Album: The 18th Letter

Label: Universal/MCA

DJ Clark Kent:“It’s crazy how that was the name of the song, right? Because that was the record that brought him back. It was his first solo record [without Eric B.], and he [had been off the scene for years]. Me and Ra were always cool, since we were young. We both used to work in Power Play Studios making records. That was like the hip-hop studio.

 

The thing about Rakim is that he’s extra particular. A bunch of producers had sat with him and played him music, but it seemed like he only had a level of respect for me and DJ Premier.

 

“So it was time to make the Rakim album, and the A&R was this guy Dominick Trenier I was cool with, and he came to me and was like, ‘I need you to make some records with Rakim.’ The thing about Rakim is that he’s extra particular. A bunch of producers had sat with him and played him music, but it seemed like he only had a level of respect for me and DJ Premier. He knew there were other producers out there, but we were the only two that he’d be like, ‘I’ll listen to what you’re telling me.’

“Even if Rakim picked a beat he liked from a certain producer, if he showed up at the session and saw the producer and didn’t respect him, he’d walk back out. Even if he liked the beat. He’d be like, ‘I’m not dealing with this dude. Get out, let me go record the record.’

“I made that beat for him, because of who he was. I wanted it to sound energetic, and I wanted it to sound like a statement. And I thought the horn hits of the sample sounded aggressive. I wanted him to talk his talk and pop shit about being the greatest. Rakim’s the god.

 

I’ve worked with Biggie, Jay-Z, Mariah Carey, and all these big name artists, but when you go to Japan, all they care about is, ‘You, you did ‘Guess Who’s Back.’ You did a record with Rakim.’ It’s ill.

 

“You don’t realize you’re working with Rakim, because you’re in the moment. Then, later on after the record comes out, it goes Gold, and it’s critically acclaimed and hits the marks it’s supposed to hit. Then, you travel and you go to another country, and you don’t remember that you even did the record, and you go to the club in that other country, and the DJ before you plays the record, and motherfuckers lose their god damn minds, you go, ‘Oh wow, I was working with Rakim.’ That’s when it hits you.

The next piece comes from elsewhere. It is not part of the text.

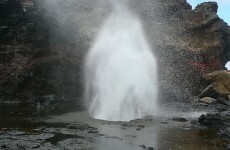 Man sucked into ocean by blow hole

“I’ve worked with Biggie, Jay-Z, Mariah Carey, and all these big name artists, but when you go to Japan, all they care about is, ‘You, you did ‘Guess Who’s Back.’ You did a record with Rakim.’ It’s ill.

“He’s hip-hop royalty. You have to realize, he’s the reason why everybody rhymes the way they rhyme now. He stopped all the happy-go-lucky shit, and just talked to the people. That made everybody talk to the people. It made everybody go, ‘Let me tell you something. You’re a punk. And I’m going to show you that you’re a punk. I’m the best rhymer that there is, and I don’t have to scream it at you.’”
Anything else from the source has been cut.